Bug 16077

Summary: Ext4fs corruption occurred after resuming from hibernation
Product: Mageia Reporter: Mike Burgener <mburgener>
Component: RPM PackagesAssignee: Thomas Backlund <tmb>
Status: RESOLVED INVALID QA Contact:
Severity: major    
Priority: Normal CC: sysadmin-bugs, thierry.vignaud
Version: CauldronKeywords: NEEDINFO
Target Milestone: Mageia 5   
Hardware: x86_64   
OS: Linux   
Whiteboard:
Source RPM: kernel-desktop-3.19.8-1.mga5 CVE:
Status comment:
Attachments: dmesg output

Description Mike Burgener 2015-06-04 12:52:56 CEST
Hi,

i just got in to filesystem corruption with my SSD disk (Samsung SSD 830) on my Windows (dual boot) everything is still ok and the Samsung magician application say the disk is ok.

also the smartctl application showed me that everything is ok.

it begun with some weird messages appearing in syslog (journalctl -f) about read errors.

at the moment i'm unable to boot the machine.

will now try to recover and get some more info out of the non-booting installation.

regards

Mike
Comment 1 Samuel Verschelde 2015-06-04 12:56:26 CEST
Exact version of the kernel would be nice, in addition to logs, if you can provide them.

Component: Release (media or process) => RPM Packages
Assignee: bugsquad => tmb
Source RPM: (none) => kernel

Comment 2 Mike Burgener 2015-06-04 13:09:54 CEST
of course, @ the moment hacking around to get them, working on a dd image with testdisk from the windows installation to my NAS, perhaps i can even provide the DD image (after i removed my pers data when i can read it) as a download on my tuxinator servers for debugging, hope it's hardware and not a software issue, so the release of 5 is not in danger
Comment 3 Mike Burgener 2015-06-04 14:10:21 CEST
Created attachment 6698 [details]
dmesg output
Comment 4 Mike Burgener 2015-06-04 14:10:33 CEST
got it booting after some manual fsck

kernel log is attached

look for the "Ext4" messages
Mike Burgener 2015-06-04 14:11:25 CEST

Priority: Normal => High

Mike Burgener 2015-06-04 14:11:53 CEST

Target Milestone: --- => Mageia 5

Comment 5 Mike Burgener 2015-06-04 14:19:14 CEST
Linux hostname 3.19.8-desktop-1.mga5 #1 SMP Mon May 11 16:35:09 UTC 2015 x86_64 x86_64 x86_64 GNU/Linux
Comment 6 Thierry Vignaud 2015-06-04 16:10:56 CEST
I guess you were you using RAID, didn't you?
If use, you got hit by the infamous raid bug that was fixed in 3.19.8-desktop-2.mga5 that was released 2 weeks ago:
"  - md/raid0: fix restore to sector variable in raid0_make_request"

See http://lwn.net/Articles/645720/ for details

CC: (none) => thierry.vignaud

Comment 7 Mike Burgener 2015-06-04 18:00:39 CEST
no, there is and never was any raid setup on that machine, its a acer aspire s3 with a samsung evo 530 SSD and the SSD health is ok

regards Mike
Thierry Vignaud 2015-06-05 10:59:55 CEST

Attachment 6698 mime type: text/x-log => text/plain
Attachment 6698 description: logfiles => dmesg output

Comment 8 Thierry Vignaud 2015-06-05 11:05:35 CEST
You forgot to say that this happened after hibernation!!!

Thomas, before hibernating, we can see several "BUG: Bad page map in process" messages.

After resuming, there's a lot of:
"EXT4-fs error (device sda5): ext4_read_block_bitmap_nowait:427: comm kworker/u16:7: Cannot get buffer for block bitmap")

Mixed with a couple:
"JBD2: Spotted dirty metadata buffer (dev = sda5, blocknr = 0).
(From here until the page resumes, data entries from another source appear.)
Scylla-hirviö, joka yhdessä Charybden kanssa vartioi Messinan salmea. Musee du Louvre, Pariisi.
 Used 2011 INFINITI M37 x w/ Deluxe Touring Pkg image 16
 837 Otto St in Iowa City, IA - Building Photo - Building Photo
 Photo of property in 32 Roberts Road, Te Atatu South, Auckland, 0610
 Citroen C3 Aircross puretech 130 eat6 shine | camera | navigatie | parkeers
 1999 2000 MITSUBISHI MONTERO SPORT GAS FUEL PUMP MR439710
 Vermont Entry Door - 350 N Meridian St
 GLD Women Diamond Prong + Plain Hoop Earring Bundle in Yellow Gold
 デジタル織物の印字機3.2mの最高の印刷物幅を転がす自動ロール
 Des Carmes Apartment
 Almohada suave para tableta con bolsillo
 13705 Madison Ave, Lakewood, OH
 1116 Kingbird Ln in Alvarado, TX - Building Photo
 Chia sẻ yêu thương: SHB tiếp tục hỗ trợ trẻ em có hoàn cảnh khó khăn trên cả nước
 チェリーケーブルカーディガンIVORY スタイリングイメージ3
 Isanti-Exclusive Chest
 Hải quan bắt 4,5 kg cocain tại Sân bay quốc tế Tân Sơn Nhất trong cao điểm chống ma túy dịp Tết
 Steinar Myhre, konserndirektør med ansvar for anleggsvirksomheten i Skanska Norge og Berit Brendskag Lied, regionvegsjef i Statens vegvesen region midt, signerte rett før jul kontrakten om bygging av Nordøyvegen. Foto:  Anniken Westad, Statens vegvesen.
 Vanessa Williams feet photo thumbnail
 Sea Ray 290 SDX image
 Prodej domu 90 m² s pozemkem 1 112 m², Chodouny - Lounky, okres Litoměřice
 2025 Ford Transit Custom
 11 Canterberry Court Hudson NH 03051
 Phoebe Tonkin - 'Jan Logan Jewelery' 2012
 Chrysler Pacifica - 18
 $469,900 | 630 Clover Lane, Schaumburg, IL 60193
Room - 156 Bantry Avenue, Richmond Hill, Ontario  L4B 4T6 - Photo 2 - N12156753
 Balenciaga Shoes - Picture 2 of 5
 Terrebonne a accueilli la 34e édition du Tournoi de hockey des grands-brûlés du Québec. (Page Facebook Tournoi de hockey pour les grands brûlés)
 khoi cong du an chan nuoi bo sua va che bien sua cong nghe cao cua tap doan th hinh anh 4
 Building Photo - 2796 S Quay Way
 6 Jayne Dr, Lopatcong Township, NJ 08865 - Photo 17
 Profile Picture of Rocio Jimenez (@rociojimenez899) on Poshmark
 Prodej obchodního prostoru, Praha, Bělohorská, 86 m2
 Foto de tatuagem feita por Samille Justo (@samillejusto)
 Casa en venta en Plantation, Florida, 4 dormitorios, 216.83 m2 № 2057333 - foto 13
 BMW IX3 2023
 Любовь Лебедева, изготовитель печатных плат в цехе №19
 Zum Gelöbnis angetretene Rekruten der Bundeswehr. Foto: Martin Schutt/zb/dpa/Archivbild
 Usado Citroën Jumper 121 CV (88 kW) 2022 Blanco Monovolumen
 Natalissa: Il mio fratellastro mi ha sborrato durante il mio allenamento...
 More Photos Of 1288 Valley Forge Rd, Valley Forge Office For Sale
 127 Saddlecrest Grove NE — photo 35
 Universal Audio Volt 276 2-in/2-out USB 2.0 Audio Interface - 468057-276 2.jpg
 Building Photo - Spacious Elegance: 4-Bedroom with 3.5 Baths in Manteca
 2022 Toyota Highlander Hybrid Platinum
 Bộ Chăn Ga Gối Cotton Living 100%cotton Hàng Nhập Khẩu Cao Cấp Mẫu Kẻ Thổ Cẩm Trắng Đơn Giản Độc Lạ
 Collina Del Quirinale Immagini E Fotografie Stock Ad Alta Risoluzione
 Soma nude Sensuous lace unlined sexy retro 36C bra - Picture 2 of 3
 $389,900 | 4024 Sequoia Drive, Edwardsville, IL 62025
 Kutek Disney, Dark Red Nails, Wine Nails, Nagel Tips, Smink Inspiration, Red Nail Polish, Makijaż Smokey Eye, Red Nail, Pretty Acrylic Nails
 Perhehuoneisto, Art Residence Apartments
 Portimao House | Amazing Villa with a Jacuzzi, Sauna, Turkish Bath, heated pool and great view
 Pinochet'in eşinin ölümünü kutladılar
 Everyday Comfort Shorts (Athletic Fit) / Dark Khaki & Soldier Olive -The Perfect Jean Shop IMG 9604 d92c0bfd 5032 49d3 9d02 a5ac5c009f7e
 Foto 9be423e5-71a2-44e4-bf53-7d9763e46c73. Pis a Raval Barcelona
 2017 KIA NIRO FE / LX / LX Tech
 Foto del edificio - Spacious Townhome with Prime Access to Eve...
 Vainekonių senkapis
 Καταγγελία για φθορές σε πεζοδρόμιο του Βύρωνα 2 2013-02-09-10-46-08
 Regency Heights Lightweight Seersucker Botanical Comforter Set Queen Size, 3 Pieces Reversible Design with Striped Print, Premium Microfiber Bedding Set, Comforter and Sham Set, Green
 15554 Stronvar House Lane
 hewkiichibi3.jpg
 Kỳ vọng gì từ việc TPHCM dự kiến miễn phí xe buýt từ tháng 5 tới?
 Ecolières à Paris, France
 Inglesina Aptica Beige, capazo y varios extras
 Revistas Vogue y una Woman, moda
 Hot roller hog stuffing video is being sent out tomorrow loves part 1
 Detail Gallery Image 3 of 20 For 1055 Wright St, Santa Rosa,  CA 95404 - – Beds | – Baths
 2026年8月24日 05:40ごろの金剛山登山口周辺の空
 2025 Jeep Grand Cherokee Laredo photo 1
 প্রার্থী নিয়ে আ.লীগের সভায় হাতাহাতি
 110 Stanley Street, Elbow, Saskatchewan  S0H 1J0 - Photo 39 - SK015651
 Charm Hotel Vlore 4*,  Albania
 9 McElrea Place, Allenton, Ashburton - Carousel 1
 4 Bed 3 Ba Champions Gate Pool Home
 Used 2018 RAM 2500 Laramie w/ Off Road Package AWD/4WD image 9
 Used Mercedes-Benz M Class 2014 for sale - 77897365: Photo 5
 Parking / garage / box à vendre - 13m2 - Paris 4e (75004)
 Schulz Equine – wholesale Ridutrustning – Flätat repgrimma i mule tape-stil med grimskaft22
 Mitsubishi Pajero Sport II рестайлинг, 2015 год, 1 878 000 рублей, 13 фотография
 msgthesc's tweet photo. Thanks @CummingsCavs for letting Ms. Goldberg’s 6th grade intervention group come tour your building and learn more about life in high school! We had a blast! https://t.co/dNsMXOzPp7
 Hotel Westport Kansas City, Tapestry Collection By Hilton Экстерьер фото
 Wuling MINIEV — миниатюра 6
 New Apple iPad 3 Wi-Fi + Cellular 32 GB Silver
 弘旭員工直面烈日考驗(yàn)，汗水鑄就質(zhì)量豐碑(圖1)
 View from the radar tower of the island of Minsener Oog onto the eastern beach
There's a risk of filesystem corruption in case of system crash."


Mike: Are you sure you didn't boot any other OS while Mageia was hibernated?

Could you have booted eg a Windows with an ext4 driver or another Linux that could have mounted Mageia partition, thus causing differences between on-disk image and what the suspended kernel kept in its suspend imaged?

Keywords: (none) => NEEDINFO
Summary: filesystem corruption occured using ext4 fs after working normaly => Ext4fs corruption occurred after resuming from hibernation

Comment 9 Mike Burgener 2015-06-05 13:52:33 CEST
Hi,

sorry forgot that i use hibernation sometimes on that machine.

yes i'm sure i did not boot any windows on that machine before waking up from hibernation.


and my windows does not have any ext4 driver at the moment.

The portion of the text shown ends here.